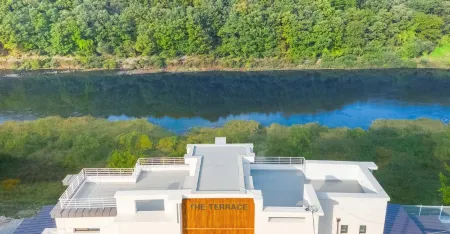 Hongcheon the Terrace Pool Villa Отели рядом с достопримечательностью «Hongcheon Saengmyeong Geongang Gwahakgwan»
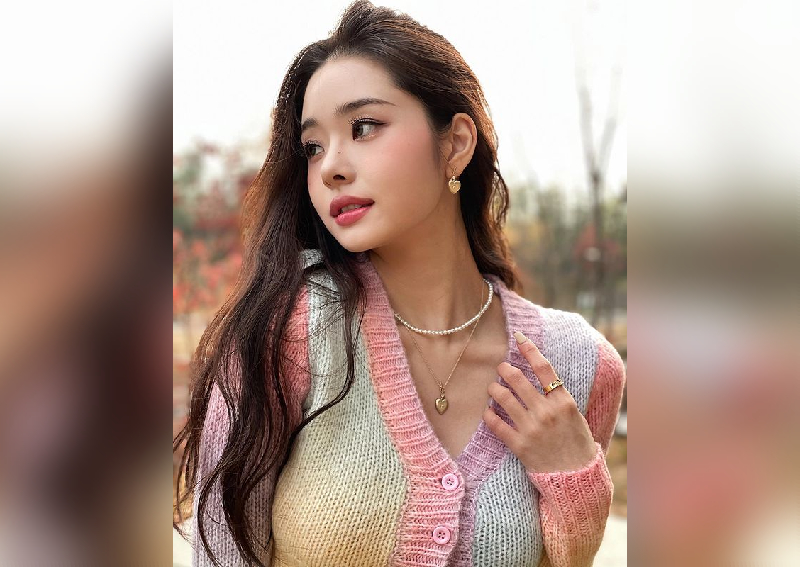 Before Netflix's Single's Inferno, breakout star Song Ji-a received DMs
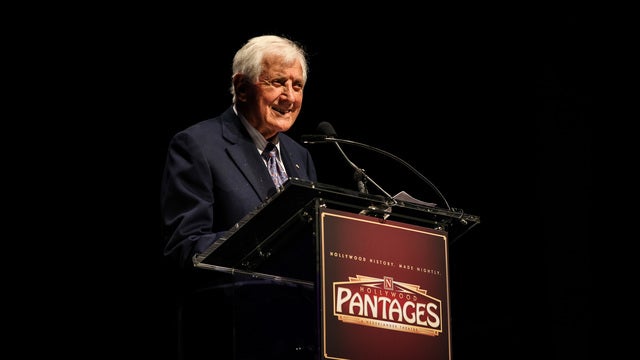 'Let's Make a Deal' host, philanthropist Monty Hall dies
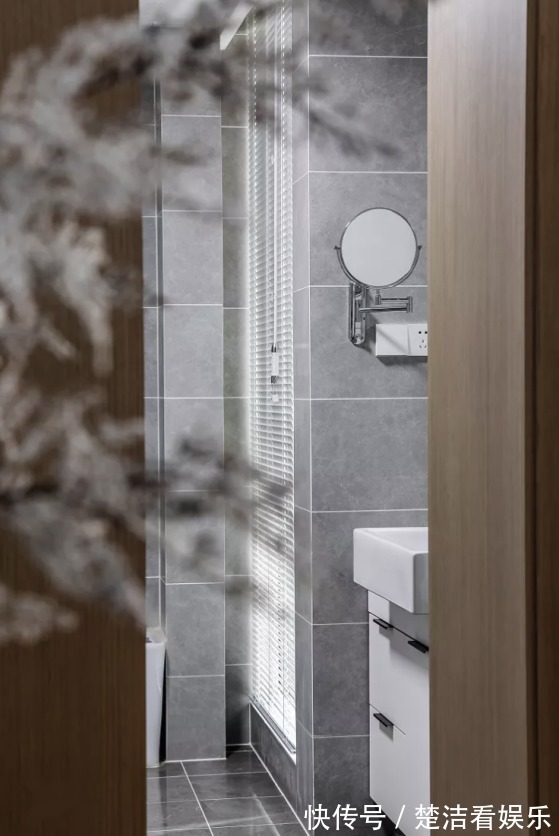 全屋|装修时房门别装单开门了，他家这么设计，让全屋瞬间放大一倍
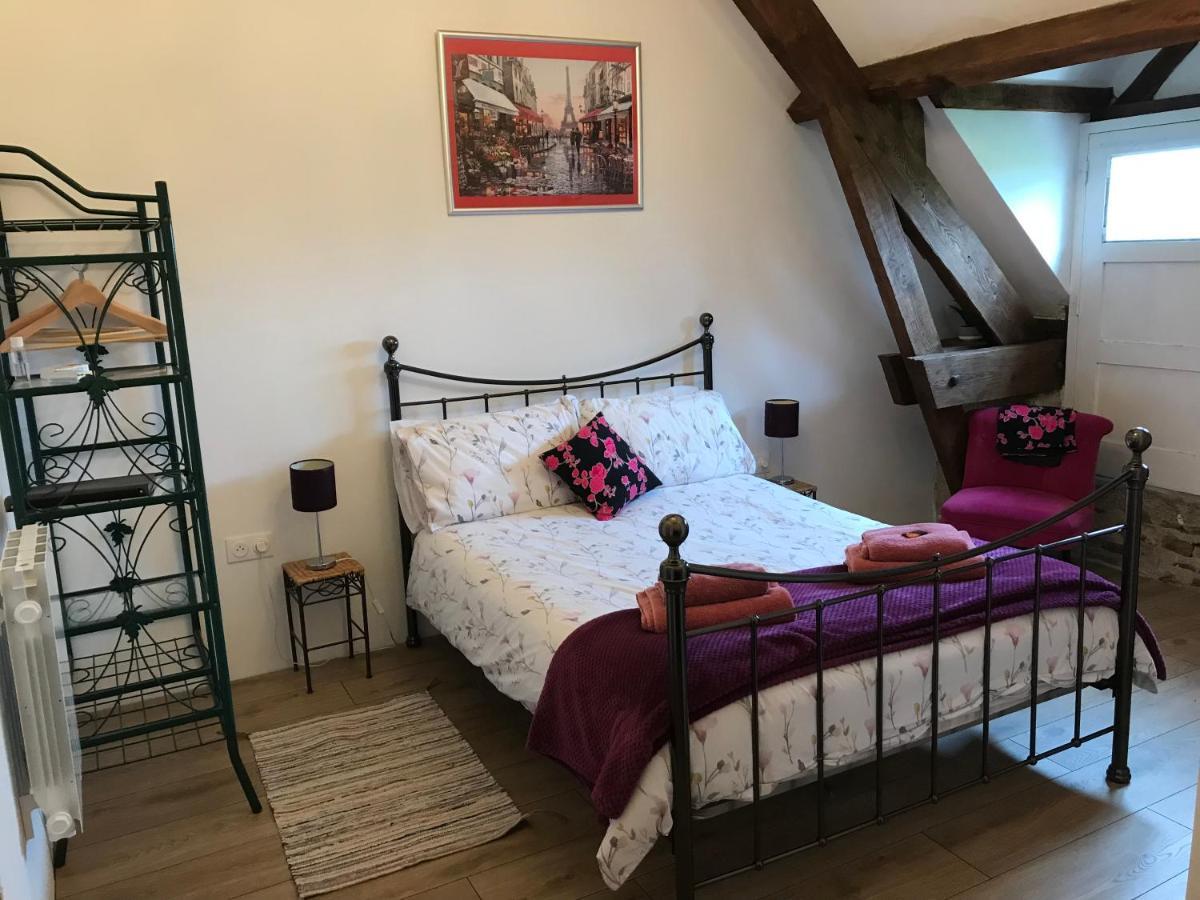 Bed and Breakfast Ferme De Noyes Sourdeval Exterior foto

◆ What is being asked
Restate all of the material above word for word, excluding the pictures.

◆ Written reply
 Hongcheon the Terrace Pool Villa Отели рядом с достопримечательностью «Hongcheon Saengmyeong Geongang Gwahakgwan»
 Before Netflix's Single's Inferno, breakout star Song Ji-a received DMs
 'Let's Make a Deal' host, philanthropist Monty Hall dies
 全屋|装修时房门别装单开门了，他家这么设计，让全屋瞬间放大一倍
 Bed and Breakfast Ferme De Noyes Sourdeval Exterior foto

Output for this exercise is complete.